In generale, aggiunge, non bisogna puntare né sulle stazioni né sulle società di servizi per vincere una partita, ma bisogna piuttosto costruire il prima possibile case e alberghi. Per ultima cosa, le rimprovera di aver avuto pietà nel ricevere pagamenti dagli altri giocatori, accettando contratti e salvandoci dal dover ipotecare le nostre proprietà. “Non devi avere pietà, devi affossarli prima possibile.”
Anche Elio ha giocato bene, mi dice, “ma ha sbagliato alla grande all’inizio, perché è rimasto in prigione un sacco di tempo e invece doveva pagare per uscire.” Nicolò ci spiega che la prigione è un bel posto dove sostare a fine partita, ma non all’inizio, visto che l’esigenza è quella di andare in giro per il tabellone ad accaparrarsi più contratti liberi possibili, così da poterli scambiare con gli altri giocatori.
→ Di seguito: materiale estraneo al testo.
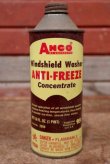 画像1: dp-210101-26 Anco / Windshield Washer ANTI-FREEZE Concentrate Can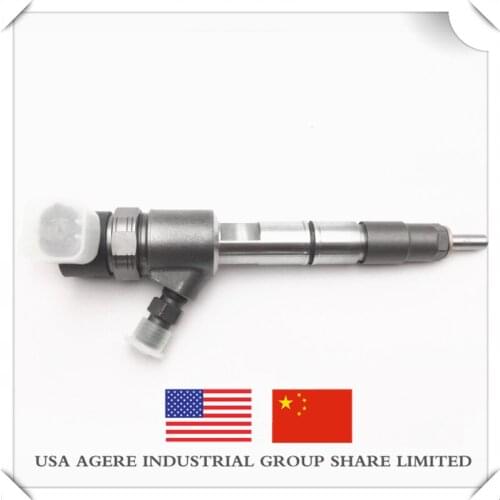 0445110539 Diesel common rail injector assembly quality is good built-in control valve F00VC01359 nozzle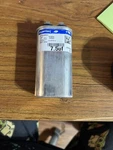 Genteq Capacitor Run Oval 7.5UF New P291-0754. Fixed Price $17.99.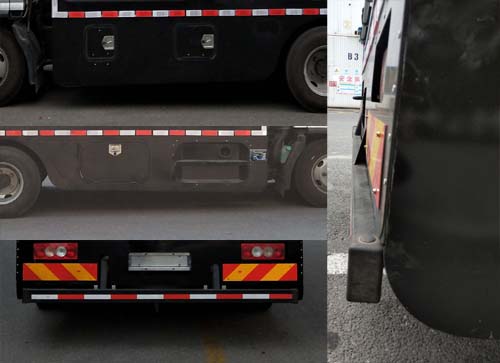 昌驊牌HCH5040XFY防疫車公告圖片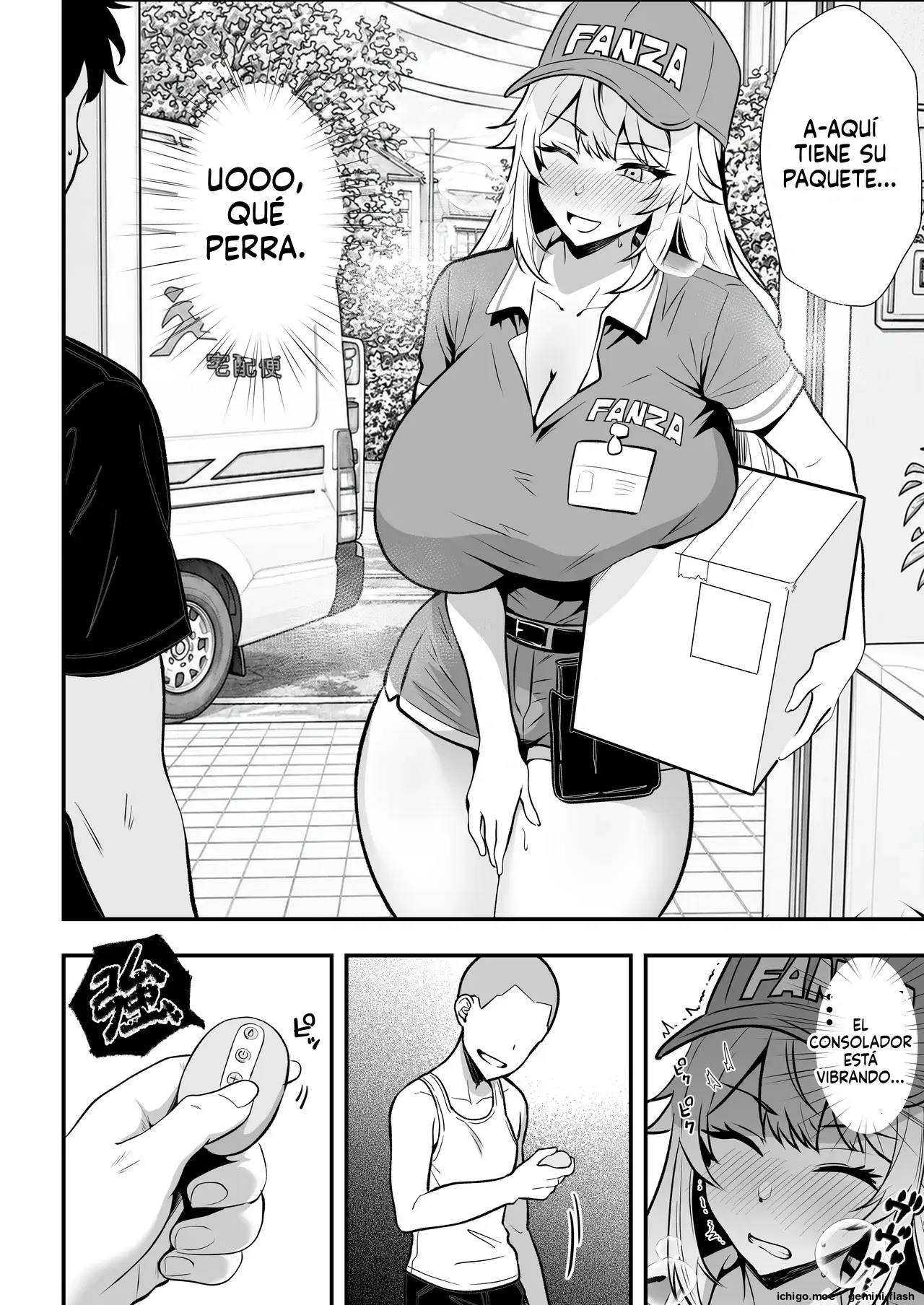 Hino Natsuki (39) Ero Gaki no Dorei Onaho ni Sareta Ikkagetsukan no Choukyou Kiroku capítulo 1 página 83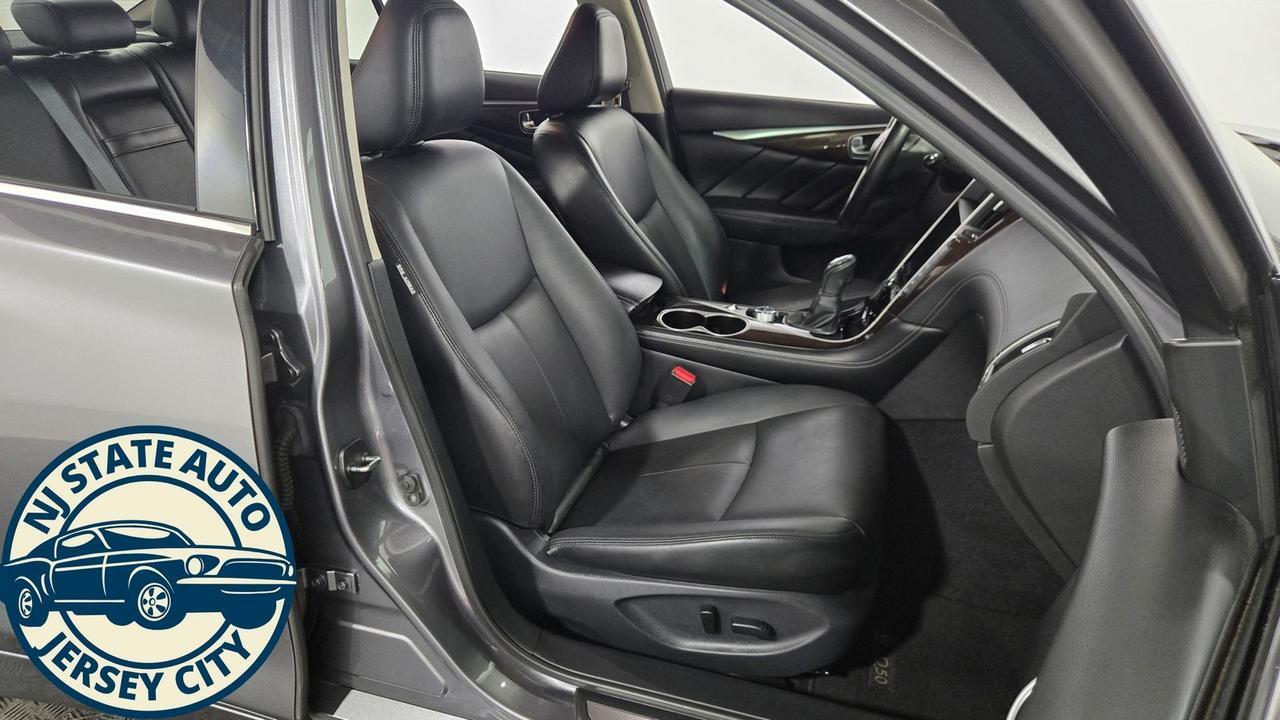 2018 INFINITI Q50 2.0t LUXE Jersey City NJ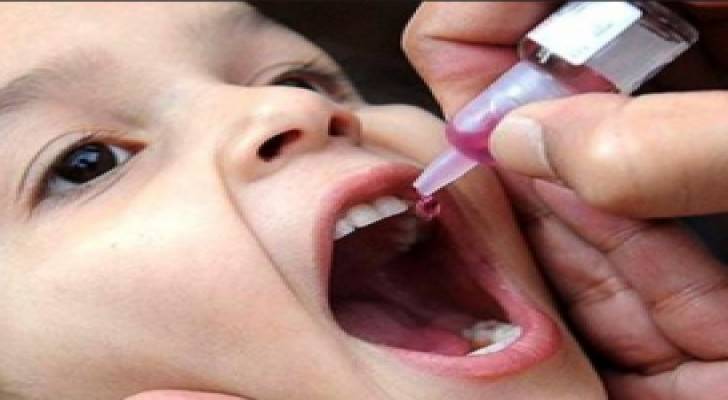 حملة وطنية للتطعيم ضد شلل الأطفال تبدأ الأحد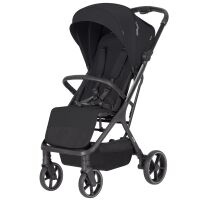 Cestovní kočárek Carrello Nova + - Vinyl Black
A me Nicolò dice “tu hai giocato discretamente, in realtà, ma hai avuto sfiga,” e quindi nonostante sia stato il primo a perdere penso di potermela menare un pochino. E anche se di sicuro è la conoscenza di tattiche e strategie a renderti un campione come lui, si tratta pur sempre di un gioco basato sui tiri di dado. Quindi di un gioco basato sulla fortuna, o meglio: sulla sfiga.